Excerpts from a dataset
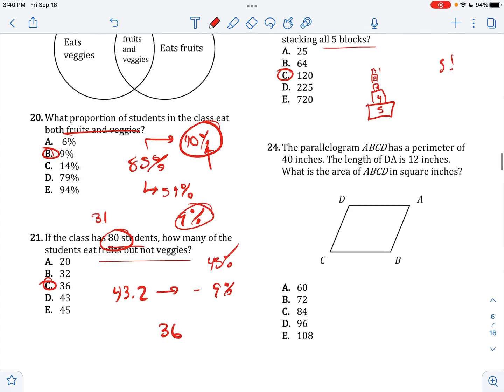If parallelogram ABCD has a perimeter of 40 inches and the length of DA is 12 inches, what is the area? DA is 12, and the opposite side is also 12. Subtracting 40 minus 12 minus 12 gives 16, so the other two sides are each 8. The area is base times height: 8 times 12 equals 96.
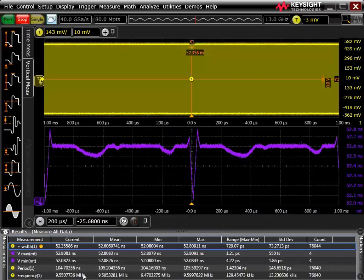In this video I'll be demonstrating how to work around the limited resolution of the pulse width trigger on our Infinium oscilloscopes. Here I have an example scenario where I might want to trigger on a very specific pulse width, and I'm not able to in a straightforward way given the controls available in the trigger menu.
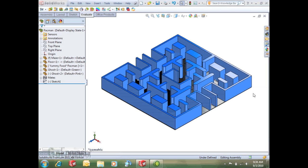My name is Andy Hall and I'm a certified application engineer here at GoEngineer. Today I'm going to do a quick tip video on some of the new things that we see in 2011, more particularly the walkthrough functionality.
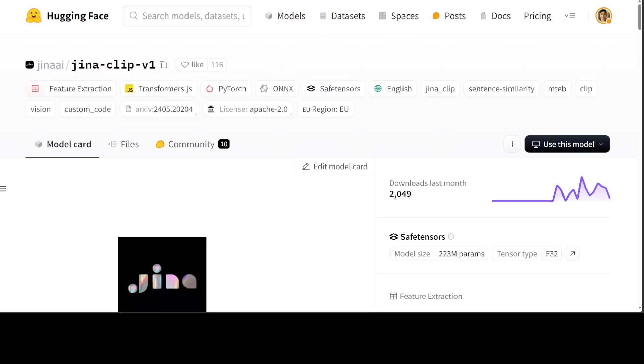I have been following Gina's embedding models over the last various months and they always impress. In this video, we are going to install and check out their new model called Gina Clip V1.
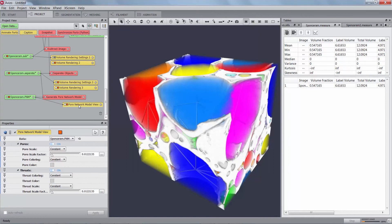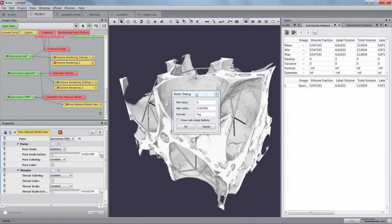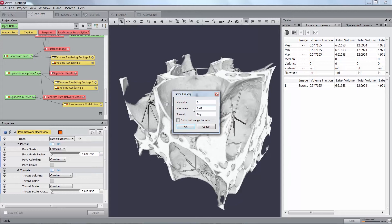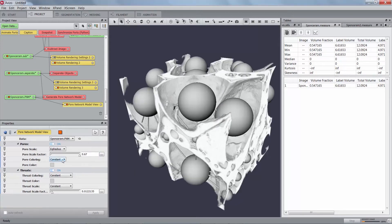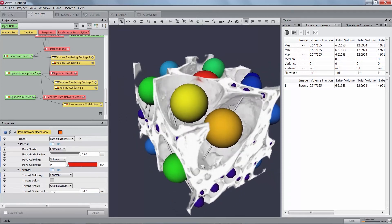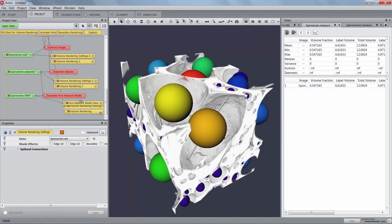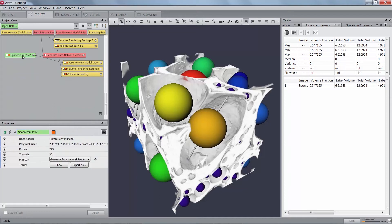Create a pore network model view on the new network and hide the volume rendering module linked to the separated data. Adjust the pore network model view parameters to pore scale being equivalent radius, pore scale factor being 0.67, pore coloring being volume, pore color map maximum value being 0.7, throat scale being channel length and throat scale factor being 0.02. You can now visualize the network in the original data. The network data can be displayed as a spreadsheet in the table panel by clicking Show of any pore network model.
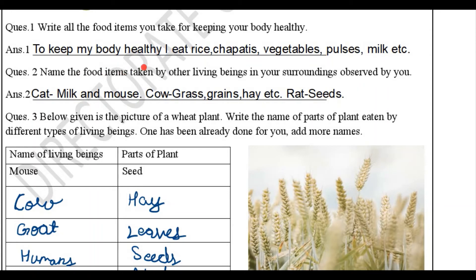Question 2: name the food items taken by other living beings in your surroundings as observed by you. You must have observed animals or insects eating something. My answer: cat eats milk and mice; cow eats grass, grains, hay, etc.; rat eats seeds.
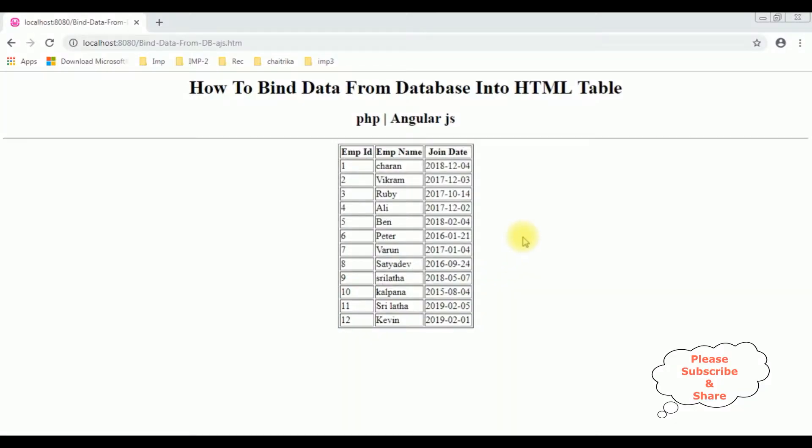Notice in this browser I have already binded the dynamic data from database into this HTML table. Now my aim is I want to add the alternative colors to this table using CSS.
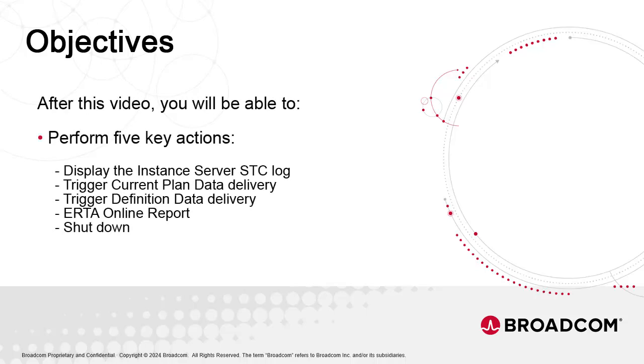This video focuses on the Instance Request Menu. The Request Menu provides an opportunity for users to perform five key actions on a specific instance.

▶ _PROBLEM TO WORK ON_
Transcribe exactly the lines above, beginning at the one with "In this video I'll" and going up to and including the one with "Notice in this". Pictures do not belong in the copy.

▶ _FINISHED EXERCISE_
In this video I'll be demonstrating how to work around the limited resolution of the pulse width trigger on our Infinium oscilloscopes. Here I have an example scenario where I might want to trigger on a very specific pulse width, and I'm not able to in a straightforward way given the controls available in the trigger menu.
My name is Andy Hall and I'm a certified application engineer here at GoEngineer. Today I'm going to do a quick tip video on some of the new things that we see in 2011, more particularly the walkthrough functionality.
I have been following Gina's embedding models over the last various months and they always impress. In this video, we are going to install and check out their new model called Gina Clip V1.
Create a pore network model view on the new network and hide the volume rendering module linked to the separated data. Adjust the pore network model view parameters to pore scale being equivalent radius, pore scale factor being 0.67, pore coloring being volume, pore color map maximum value being 0.7, throat scale being channel length and throat scale factor being 0.02. You can now visualize the network in the original data. The network data can be displayed as a spreadsheet in the table panel by clicking Show of any pore network model.
Question 2: name the food items taken by other living beings in your surroundings as observed by you. You must have observed animals or insects eating something. My answer: cat eats milk and mice; cow eats grass, grains, hay, etc.; rat eats seeds.
Notice in this browser I have already binded the dynamic data from database into this HTML table. Now my aim is I want to add the alternative colors to this table using CSS.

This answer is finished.